**Stored records:**
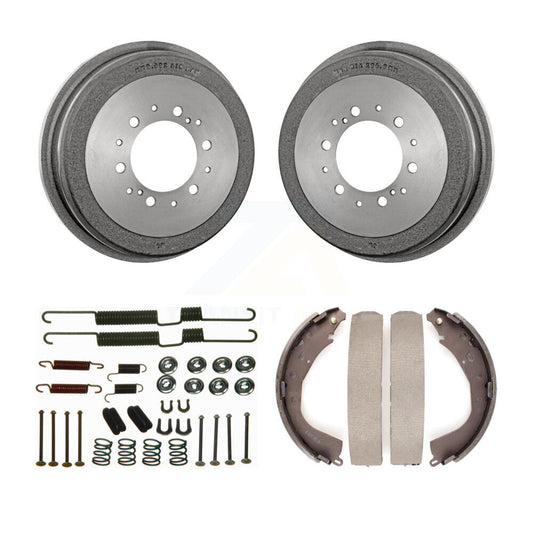 Brake Drum Kit-K8N-100304 - Kit.bestparts.ca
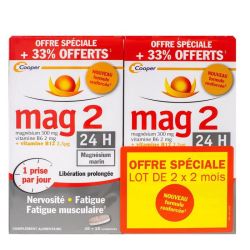 Mag 2 24H Cpr B/45+15 Offertlot De 2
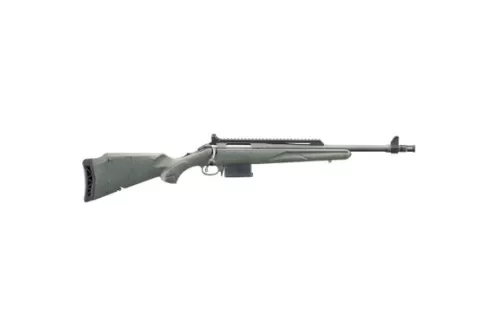 RUGER Gen II Scout 308 Win 16.1in 5rd Bolt-Action Rifle (46967)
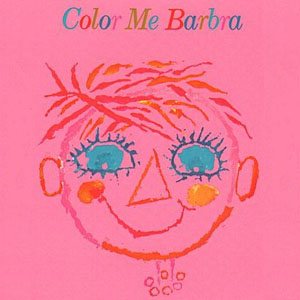 Barbra Streisand - Color Me Barbra cover art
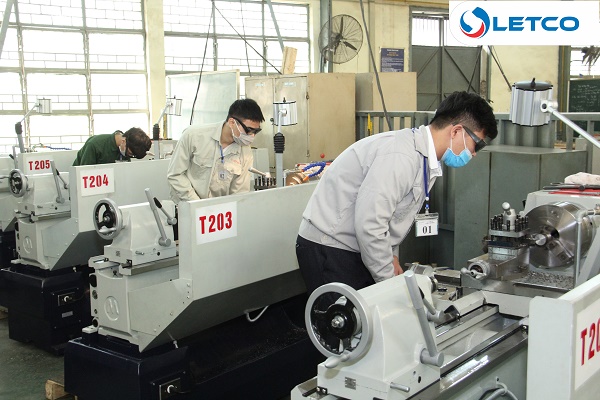 LETCO - Nơi người lao động yên tâm đặt trọn niềm tin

**Problem to solve:** What is needed is an exact transcription of the lines from the one holding "Barbra Streisand - Color Me Barbra cover art" to the end of the data, with every picture left out.

**Exercise answer:**
 Barbra Streisand - Color Me Barbra cover art
 LETCO - Nơi người lao động yên tâm đặt trọn niềm tin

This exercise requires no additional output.